U.S. warplanes and helicopters roared overhead and residents said loud explosions could be heard for hours. Militia fighters returned fire with machine guns, they said.
An American Bradley fighting vehicle was hit by a rocket-propelled grenade and caught fire, according to a U.S. military report. It was not clear if there were any casualties.
Oil company official slain
In the northeastern city of Mosul, gunmen killed a senior official of Iraq's North Oil Co. today, officials said. Sana Toma Sulaiman, the deputy director of the company's oil products department in the Nineveh province, was shot dead as he headed to work in a taxi in Mosul, said Hazim Jallawi, a spokesman for the Nineveh governor's office.
The violence came as a top U.S. general said Defense Department officials were not ruling out the possibility that they will need more U.S. troops to secure January's elections in Iraq, but believe Iraqi and perhaps international troops may be able to do the job instead.
"I think we will need more troops than we currently have," Gen. John Abizaid, commander of U.S. troops in the region, said Wednesday. But, he said, Pentagon officials believe the extra needed troops will be Iraqis or international forces.
Earlier, a dispute broke out over the fate of female detainees when the Iraqi Justice Ministry announced that Rihab Rashid Taha, a scientist who became known as "Dr. Germ" for helping Iraq make weapons out of anthrax, would be freed in the coming days because she was no longer a threat to national security.

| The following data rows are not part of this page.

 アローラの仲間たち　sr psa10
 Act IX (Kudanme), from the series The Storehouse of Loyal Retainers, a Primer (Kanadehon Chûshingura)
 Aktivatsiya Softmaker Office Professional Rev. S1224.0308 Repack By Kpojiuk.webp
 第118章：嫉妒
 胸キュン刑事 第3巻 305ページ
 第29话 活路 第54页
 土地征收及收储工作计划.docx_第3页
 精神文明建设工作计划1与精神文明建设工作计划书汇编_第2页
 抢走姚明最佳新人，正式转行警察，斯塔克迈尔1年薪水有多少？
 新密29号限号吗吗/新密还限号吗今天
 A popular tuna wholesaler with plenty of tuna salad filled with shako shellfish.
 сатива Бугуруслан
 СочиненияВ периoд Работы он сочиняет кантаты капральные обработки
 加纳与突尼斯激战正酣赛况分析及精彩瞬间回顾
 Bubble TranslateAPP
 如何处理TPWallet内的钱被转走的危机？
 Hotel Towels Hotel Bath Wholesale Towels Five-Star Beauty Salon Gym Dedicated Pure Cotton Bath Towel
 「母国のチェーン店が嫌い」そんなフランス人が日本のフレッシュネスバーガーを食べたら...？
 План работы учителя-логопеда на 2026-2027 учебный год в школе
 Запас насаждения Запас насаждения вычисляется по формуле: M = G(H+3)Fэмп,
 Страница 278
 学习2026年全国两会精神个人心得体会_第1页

Taha and another high-value detainee, Huda Salih Mahdi Ammash, a biotech researcher known as "Mrs. Anthrax," are the only two women the United States says it is holding.
Who has custody?
But U.S. and Iraqi officials quickly found themselves at odds over who had custody over the pair, with Iraqi National Security Adviser Qassim Dawoud saying they were in the hands of Iraqi security forces and that "Iraqi judges decided to release them because they didn't have any evidence."
A U.S. Embassy spokesman disagreed, saying the two "are in our legal and physical custody."
Dawoud sought to clear up the matter today, saying the two sides were jointly reviewing the status of prisoners, including that of Taha -- but not Ammash.
He insisted that the timing of the review and the demands by al-Zarqawi's group to free female prisoners -- presumed to mean the two scientists -- was a coincidence.
"There is no question of the Iraqi government or multinational forces changing these decisions in the light of the demands of a terrorist group which has taken three hostages and criminally and barbarically murdered two of them," Dawoud said in a statement.
The conflicting U.S. and Iraqi statements raised questions over who has authority in the country, even after the hand-over of sovereignty to Allawi's interim government in June. U.S. officials have been saying that they have been giving more decision-making power to Iraqis, including over security matters.